§ Exercise goal
Could you repeat exactly the lines from the one containing "Set of two green" through the last line of the records, with no pictures?

Pictures with short captions
'''

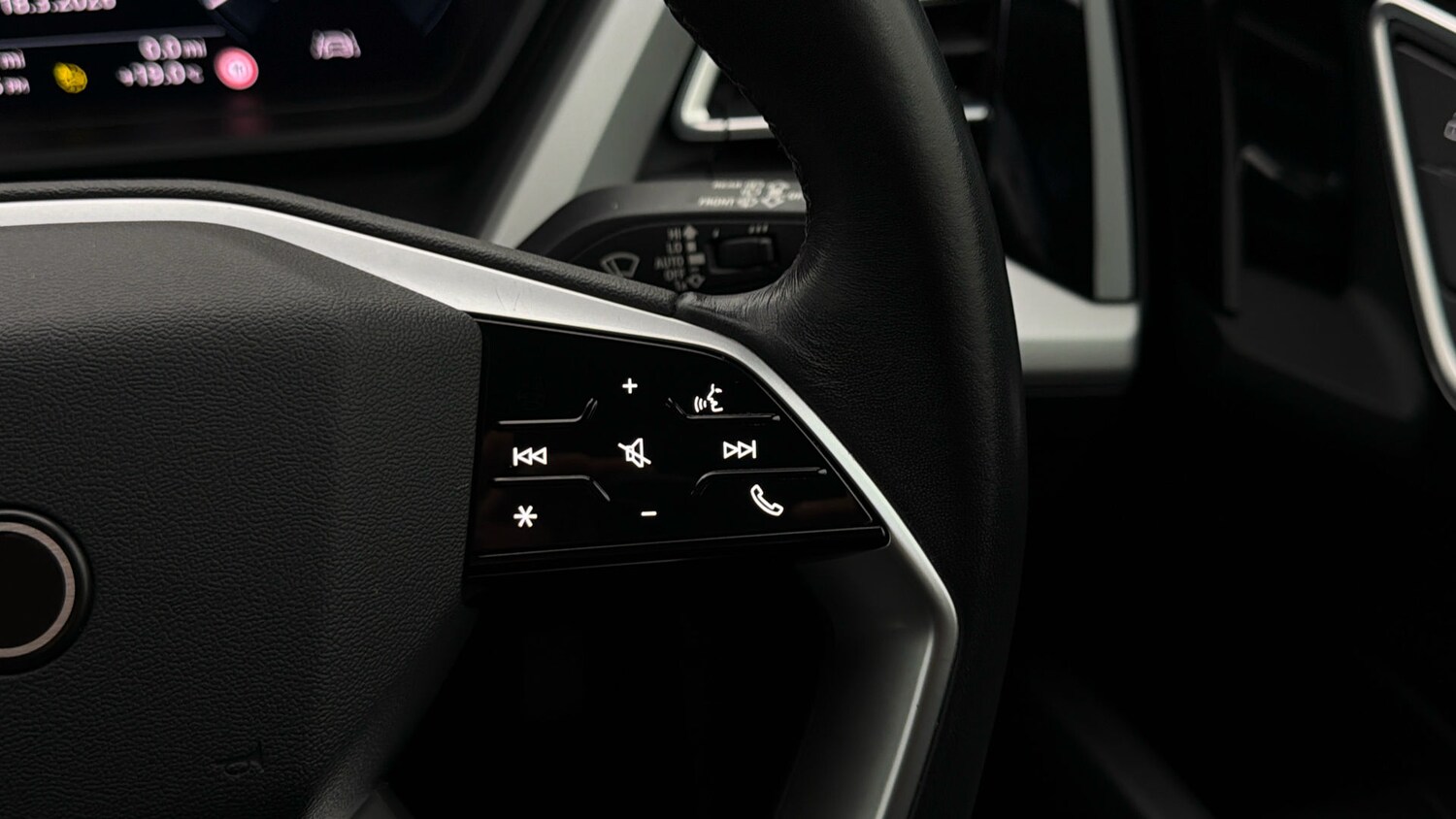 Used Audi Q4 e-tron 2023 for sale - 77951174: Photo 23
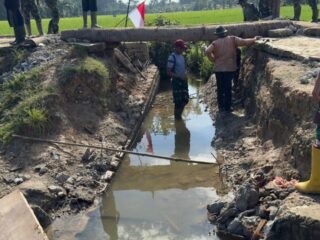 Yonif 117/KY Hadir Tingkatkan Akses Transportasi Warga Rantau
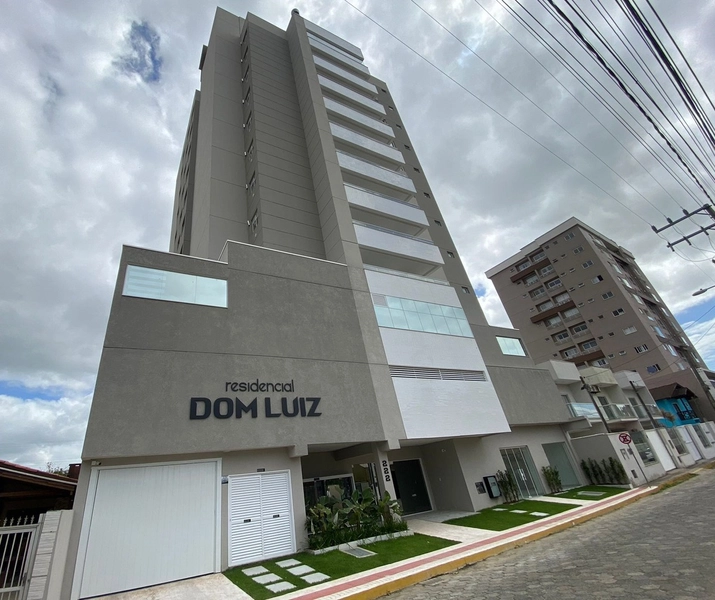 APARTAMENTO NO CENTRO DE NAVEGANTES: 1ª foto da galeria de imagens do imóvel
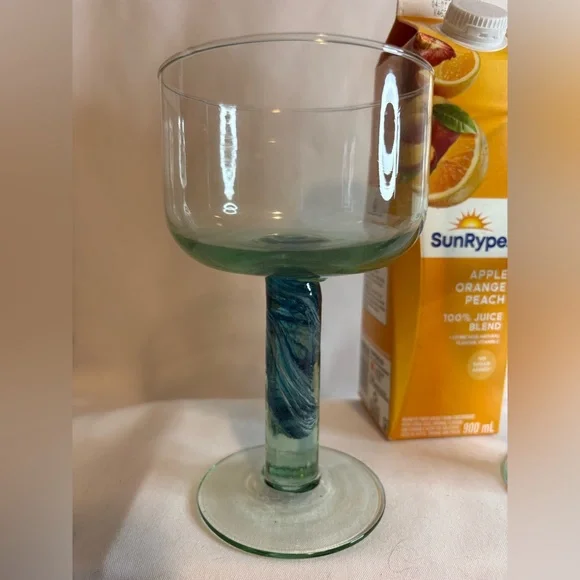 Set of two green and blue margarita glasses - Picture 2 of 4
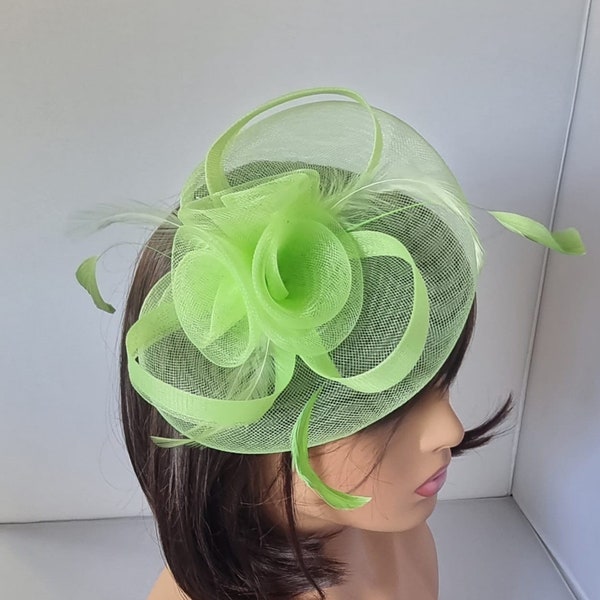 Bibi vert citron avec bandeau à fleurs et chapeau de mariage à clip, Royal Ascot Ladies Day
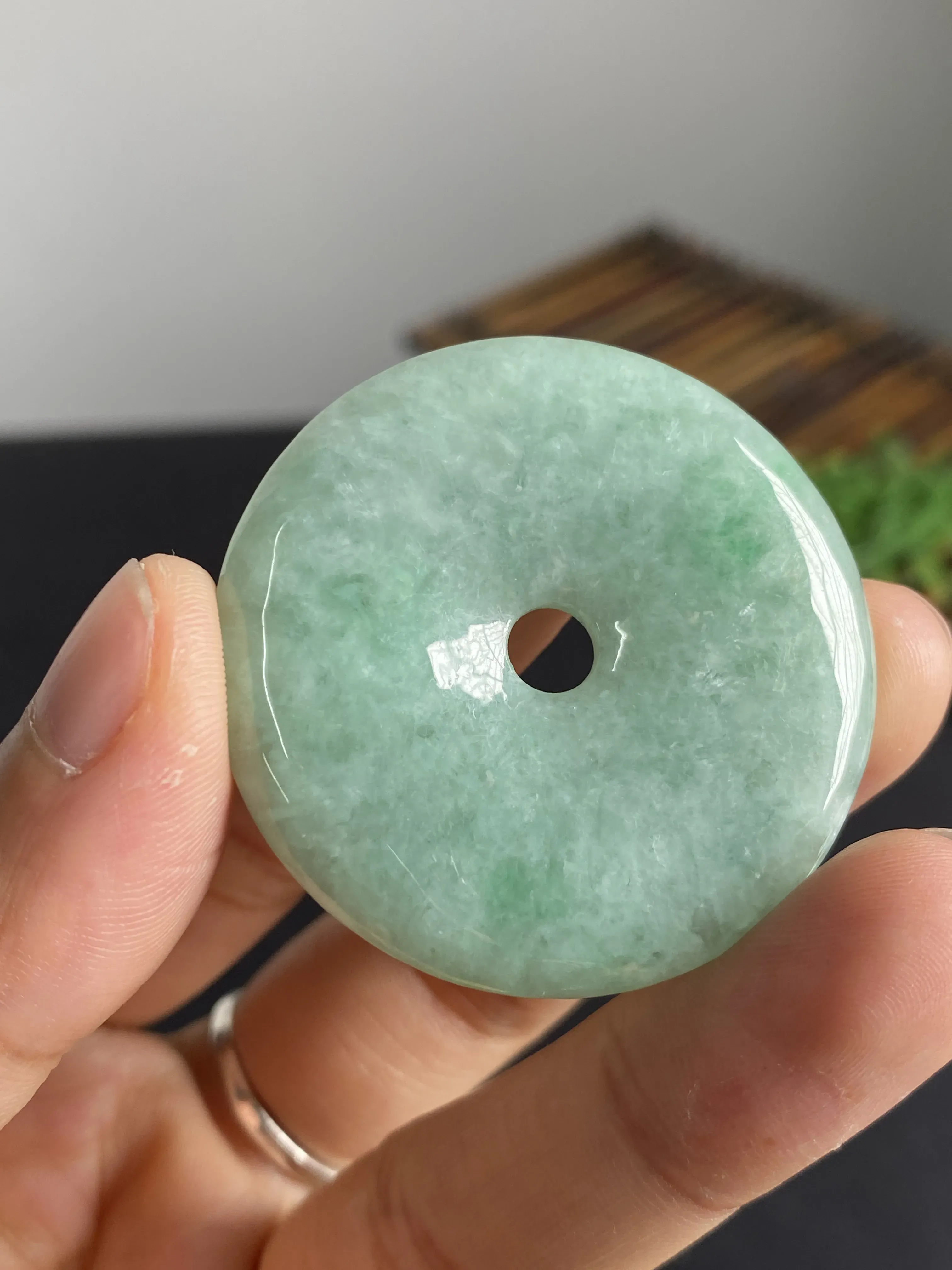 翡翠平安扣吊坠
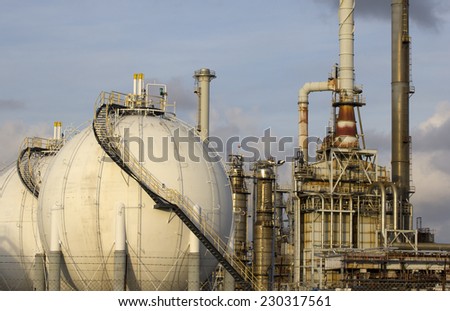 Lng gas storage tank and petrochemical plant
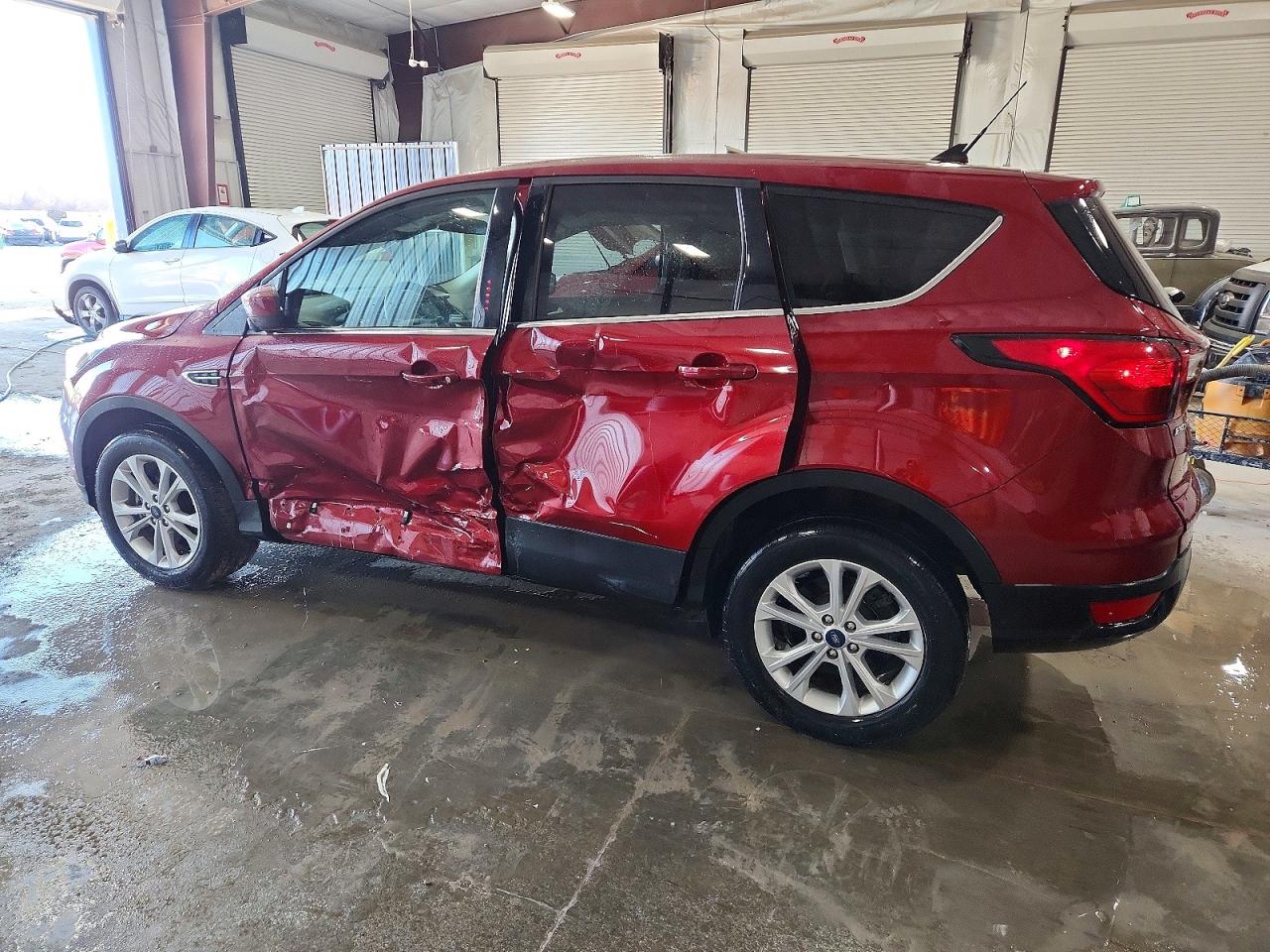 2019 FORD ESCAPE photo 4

'''

§ Answer below
 Set of two green and blue margarita glasses - Picture 2 of 4
 Bibi vert citron avec bandeau à fleurs et chapeau de mariage à clip, Royal Ascot Ladies Day
 翡翠平安扣吊坠
 Lng gas storage tank and petrochemical plant
 2019 FORD ESCAPE photo 4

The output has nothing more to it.